For You is a mini-album by the Dutch girl group Luv', released in November 1989 by Dureco/High Fashion Records. It was recorded by a line-up different from the original formation, with Marga Scheide as the only remaining founding member.

The release features the moderate hit single "Welcome to My Party", along with "I Don't Wanna Be Lonely", "Girl Like Me", and "Hit-Medley". For You represented the group's return to the music scene following their disbandment in 1981.

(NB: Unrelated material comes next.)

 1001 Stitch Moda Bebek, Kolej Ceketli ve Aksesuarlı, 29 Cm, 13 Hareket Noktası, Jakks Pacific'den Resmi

==Background and conception==
In late 1988 and early 1989, speculation arose in the Dutch and Flemish media regarding a potential reunion of the original Luv' members, who had achieved international popularity a decade earlier with hits such as "You're the Greatest Lover", "Trojan Horse", and "Casanova".
The trio was briefly linked to a new recording project with British producers Stock Aitken Waterman, although the collaboration never materialized. José Hoebee declined participation due to family commitments, and soon afterward Patty Brard also opted out after signing a contract with the newly established Dutch commercial broadcaster RTL Véronique.

As a result, Marga Scheide remained the sole original member and, in the autumn of 1989, secured the rights to the group's name. She subsequently assembled a new line-up featuring vocalists Diana van Berlo and Michelle Gold. With the support of Scheide's partner Jacques Zwart (also known as E. Mergency), the group adopted a new musical direction. English record producer Nigel Wright, noted for his work with Shakatak, Imagination, and Mirage, was brought in to oversee the recordings.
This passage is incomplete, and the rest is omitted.